Is this equivalent to the following statement?
Given A, if B, then C.
I am trying to prove a statement of the form:
If A and B, then C.
Is this equivalent to the following statement?
Given A, if B, then C.
I will interpret your question as asking whether the two statements $(A\land B)\implies C$ and $A\implies(B\implies C)$ are logically equivalent. They are.
To verify this, we can proceed slowly, by calculating the truth-table for each. Not too bad, only $8$ entries for each table.
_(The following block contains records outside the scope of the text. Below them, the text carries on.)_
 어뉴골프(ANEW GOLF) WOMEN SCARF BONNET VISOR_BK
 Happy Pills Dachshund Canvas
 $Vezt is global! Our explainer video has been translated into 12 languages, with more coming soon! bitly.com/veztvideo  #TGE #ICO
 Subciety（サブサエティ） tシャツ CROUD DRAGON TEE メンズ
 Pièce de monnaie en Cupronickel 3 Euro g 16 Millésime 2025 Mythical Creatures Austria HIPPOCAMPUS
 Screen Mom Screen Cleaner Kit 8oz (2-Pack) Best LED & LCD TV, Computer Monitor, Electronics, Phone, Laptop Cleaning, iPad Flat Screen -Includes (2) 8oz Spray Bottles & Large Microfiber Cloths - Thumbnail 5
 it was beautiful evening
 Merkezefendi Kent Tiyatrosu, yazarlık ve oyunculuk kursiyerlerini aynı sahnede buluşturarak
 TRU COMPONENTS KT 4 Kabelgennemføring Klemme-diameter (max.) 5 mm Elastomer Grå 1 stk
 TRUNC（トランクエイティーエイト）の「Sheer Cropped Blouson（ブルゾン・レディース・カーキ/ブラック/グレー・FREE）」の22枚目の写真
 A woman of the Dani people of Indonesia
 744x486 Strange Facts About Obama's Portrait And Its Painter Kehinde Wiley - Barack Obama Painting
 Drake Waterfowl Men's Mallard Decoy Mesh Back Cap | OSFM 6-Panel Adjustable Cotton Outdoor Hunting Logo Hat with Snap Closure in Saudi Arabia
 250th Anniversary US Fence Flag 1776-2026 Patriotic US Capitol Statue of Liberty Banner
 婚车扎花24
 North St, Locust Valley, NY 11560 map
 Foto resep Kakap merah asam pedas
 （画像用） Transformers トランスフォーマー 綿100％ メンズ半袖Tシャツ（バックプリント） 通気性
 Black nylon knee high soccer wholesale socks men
We can cut down the work by noting that if $A$ is false, each of our two sentences is easily seen to be true.
Or else we can proceed "algebraically." The sentence $(A\land B)\implies C$ is logically equivalent to $\lnot(A\land B) \lor C$, which in turn is equivalent to $(\lnot A \lor \lnot B)\lor C$.
The sentence $A\implies(B\implies C)$ is logically equivalent to $\lnot A \lor(B\implies C)$, which in turn is equivalent to $\lnot A \lor (\lnot B \lor C)$. Now we are essentially finished.
$(A \wedge B) \Rightarrow C$ means that when $A$ and $B$ are both true, so is $C$. No surprises here...
But your statement, $A \wedge (B \Rightarrow C)$ is different, since the conditional $B \Rightarrow C$ can be true when $B$ is false.